_Task statement_
Print each entry verbatim.

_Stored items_

===

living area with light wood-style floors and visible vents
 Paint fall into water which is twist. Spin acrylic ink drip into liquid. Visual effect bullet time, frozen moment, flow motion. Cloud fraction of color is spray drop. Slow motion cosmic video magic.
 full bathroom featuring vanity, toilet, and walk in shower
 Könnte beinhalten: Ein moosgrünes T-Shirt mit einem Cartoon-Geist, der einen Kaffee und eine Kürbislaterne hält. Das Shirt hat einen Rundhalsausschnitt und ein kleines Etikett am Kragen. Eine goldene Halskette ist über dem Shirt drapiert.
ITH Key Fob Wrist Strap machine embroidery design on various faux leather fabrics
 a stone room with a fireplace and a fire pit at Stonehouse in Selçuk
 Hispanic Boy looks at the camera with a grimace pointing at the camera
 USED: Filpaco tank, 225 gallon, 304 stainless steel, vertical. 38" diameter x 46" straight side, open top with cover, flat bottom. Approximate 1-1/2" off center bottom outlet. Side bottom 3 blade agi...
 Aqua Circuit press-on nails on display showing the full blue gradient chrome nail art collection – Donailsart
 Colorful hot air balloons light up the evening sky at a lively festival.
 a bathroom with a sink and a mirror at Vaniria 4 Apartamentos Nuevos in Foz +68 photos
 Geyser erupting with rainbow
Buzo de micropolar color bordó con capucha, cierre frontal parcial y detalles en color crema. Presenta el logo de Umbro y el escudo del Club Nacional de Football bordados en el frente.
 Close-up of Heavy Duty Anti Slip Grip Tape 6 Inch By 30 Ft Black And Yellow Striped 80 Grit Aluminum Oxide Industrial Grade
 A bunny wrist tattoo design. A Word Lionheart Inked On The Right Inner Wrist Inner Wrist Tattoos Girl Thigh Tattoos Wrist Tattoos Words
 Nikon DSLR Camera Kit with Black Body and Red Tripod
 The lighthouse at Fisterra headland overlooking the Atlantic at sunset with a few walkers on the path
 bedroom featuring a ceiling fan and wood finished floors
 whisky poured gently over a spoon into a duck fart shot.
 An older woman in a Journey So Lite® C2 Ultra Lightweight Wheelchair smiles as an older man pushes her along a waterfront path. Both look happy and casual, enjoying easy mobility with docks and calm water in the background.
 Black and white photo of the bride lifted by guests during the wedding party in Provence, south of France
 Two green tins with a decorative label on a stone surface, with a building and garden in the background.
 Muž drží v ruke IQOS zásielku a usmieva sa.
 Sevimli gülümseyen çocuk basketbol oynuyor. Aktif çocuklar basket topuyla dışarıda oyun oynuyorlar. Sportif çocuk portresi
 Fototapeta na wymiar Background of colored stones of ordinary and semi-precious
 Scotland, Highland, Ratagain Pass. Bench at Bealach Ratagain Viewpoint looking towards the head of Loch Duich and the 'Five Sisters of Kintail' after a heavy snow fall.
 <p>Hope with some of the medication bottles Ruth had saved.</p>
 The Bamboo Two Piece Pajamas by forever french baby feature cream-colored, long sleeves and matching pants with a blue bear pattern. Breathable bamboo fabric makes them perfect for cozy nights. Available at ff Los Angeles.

===

_Result of this exercise_
living area with light wood-style floors and visible vents
 Paint fall into water which is twist. Spin acrylic ink drip into liquid. Visual effect bullet time, frozen moment, flow motion. Cloud fraction of color is spray drop. Slow motion cosmic video magic.
 full bathroom featuring vanity, toilet, and walk in shower
 Könnte beinhalten: Ein moosgrünes T-Shirt mit einem Cartoon-Geist, der einen Kaffee und eine Kürbislaterne hält. Das Shirt hat einen Rundhalsausschnitt und ein kleines Etikett am Kragen. Eine goldene Halskette ist über dem Shirt drapiert.
ITH Key Fob Wrist Strap machine embroidery design on various faux leather fabrics
 a stone room with a fireplace and a fire pit at Stonehouse in Selçuk
 Hispanic Boy looks at the camera with a grimace pointing at the camera
 USED: Filpaco tank, 225 gallon, 304 stainless steel, vertical. 38" diameter x 46" straight side, open top with cover, flat bottom. Approximate 1-1/2" off center bottom outlet. Side bottom 3 blade agi...
 Aqua Circuit press-on nails on display showing the full blue gradient chrome nail art collection – Donailsart
 Colorful hot air balloons light up the evening sky at a lively festival.
 a bathroom with a sink and a mirror at Vaniria 4 Apartamentos Nuevos in Foz +68 photos
 Geyser erupting with rainbow
Buzo de micropolar color bordó con capucha, cierre frontal parcial y detalles en color crema. Presenta el logo de Umbro y el escudo del Club Nacional de Football bordados en el frente.
 Close-up of Heavy Duty Anti Slip Grip Tape 6 Inch By 30 Ft Black And Yellow Striped 80 Grit Aluminum Oxide Industrial Grade
 A bunny wrist tattoo design. A Word Lionheart Inked On The Right Inner Wrist Inner Wrist Tattoos Girl Thigh Tattoos Wrist Tattoos Words
 Nikon DSLR Camera Kit with Black Body and Red Tripod
 The lighthouse at Fisterra headland overlooking the Atlantic at sunset with a few walkers on the path
 bedroom featuring a ceiling fan and wood finished floors
 whisky poured gently over a spoon into a duck fart shot.
 An older woman in a Journey So Lite® C2 Ultra Lightweight Wheelchair smiles as an older man pushes her along a waterfront path. Both look happy and casual, enjoying easy mobility with docks and calm water in the background.
 Black and white photo of the bride lifted by guests during the wedding party in Provence, south of France
 Two green tins with a decorative label on a stone surface, with a building and garden in the background.
 Muž drží v ruke IQOS zásielku a usmieva sa.
 Sevimli gülümseyen çocuk basketbol oynuyor. Aktif çocuklar basket topuyla dışarıda oyun oynuyorlar. Sportif çocuk portresi
 Fototapeta na wymiar Background of colored stones of ordinary and semi-precious
 Scotland, Highland, Ratagain Pass. Bench at Bealach Ratagain Viewpoint looking towards the head of Loch Duich and the 'Five Sisters of Kintail' after a heavy snow fall.
 <p>Hope with some of the medication bottles Ruth had saved.</p>
 The Bamboo Two Piece Pajamas by forever french baby feature cream-colored, long sleeves and matching pants with a blue bear pattern. Breathable bamboo fabric makes them perfect for cozy nights. Available at ff Los Angeles.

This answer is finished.